Bianka Pagé was granted a quota from the 5-million-tap issue of 2016 and undertook operations from scratch on an undeveloped stand of trees in 2018. She and her spouse built a sugar shack and set up their sugar bush.

There were challenges and setbacks. Bianka overcame them, and her efforts resulted in astonishing success:

  • In 2021, her maple syrup earned a Médaille Grand Or at La Grande Sève, confirming its quality as exceptional
  • That same year, she was featured in a full episode of the culinary TV program, “Un chef à la cabane
  • And in 2022, she was a finalist for Agricultural Enterprise of the Year at the Gens de Terre et Saveurs

Since 2022, she has chaired the women’s producer group Agricultrices de la Mauricie and maintained a prominent role in her region’s maple movement.

She has represented the next generation on the QMSP Board of Directors in the Mauricie since 2018 and a member of the UPA in Mauricie as well as her local in Maskinongé.

Bianka takes great pride in being able to mother her daughters well, while fulfilling her demanding professional obligations. She feels that she’s showing them how much one can achieve when you give it your all.
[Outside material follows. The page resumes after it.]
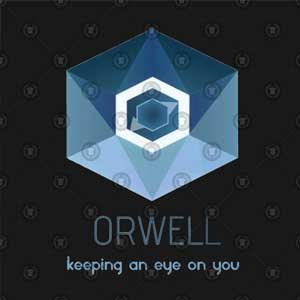 Buy Orwell Keeping an Eye On You CD Key Compare Prices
Her remarkable career spans 13 years as an administrator of the QMSP chapter in the Bas-St-Laurent-Gaspésie region, nine of them as president.

Sylvie Laliberté is a pioneer in the development of maple production on public forestland, in its rightful recognition as a driver of the regional economy, and in the mobilization of producers for the collective marketing of maple syrup in Québec.

She is a proud defender of the role of women in the world of maple production.

 

 

Starting with his presidency of the Saint-Jean-Valleyfield region from 1989 – 2022,  Serge went on to serve as 1st Vice-President of QMSP from 1995 – 2007, then President from  2007 – 2022 He was there for most of the biggest issues: the joint plan, sales agency, Strategic Reserve, marketing agreements, the Gagné report, quota regulations, crop insurance, and a host of others.

Implicating himself at all levels of the industry—from regional to national, he provided leadership in the all-important element of market development, notably in the period from 2012 to 2022.

Serge Beaulieu knows how to unite people. He used that human skill to help convince maple producers that, by working together, they’d achieve a critical goal: pulling in a stable income, year after year. Anybody who knows him (very well or even just a little) will testify that the producers meant everything to him. And that’s why they always had his ear.